§ **WHAT YOU ARE ASKED TO DO**
Repeat only the lines below from the one containing "Leather belt with" through the one containing "Partners signing civil partnership schedule", inclusive, exactly as written.

___ INFORMATION PROVIDED ___

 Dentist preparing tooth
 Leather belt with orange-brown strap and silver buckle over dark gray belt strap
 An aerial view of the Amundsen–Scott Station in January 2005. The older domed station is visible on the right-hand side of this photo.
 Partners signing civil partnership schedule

___
___ INFORMATION PROVIDED ___

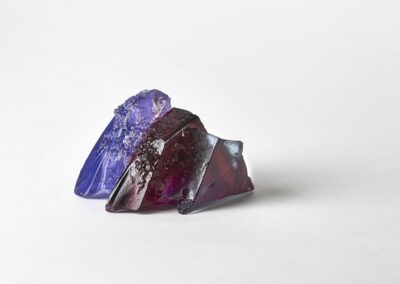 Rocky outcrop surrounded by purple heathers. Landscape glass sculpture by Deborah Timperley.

___

§ **RESULT FOR THIS EXERCISE**
 Leather belt with orange-brown strap and silver buckle over dark gray belt strap
 An aerial view of the Amundsen–Scott Station in January 2005. The older domed station is visible on the right-hand side of this photo.
 Partners signing civil partnership schedule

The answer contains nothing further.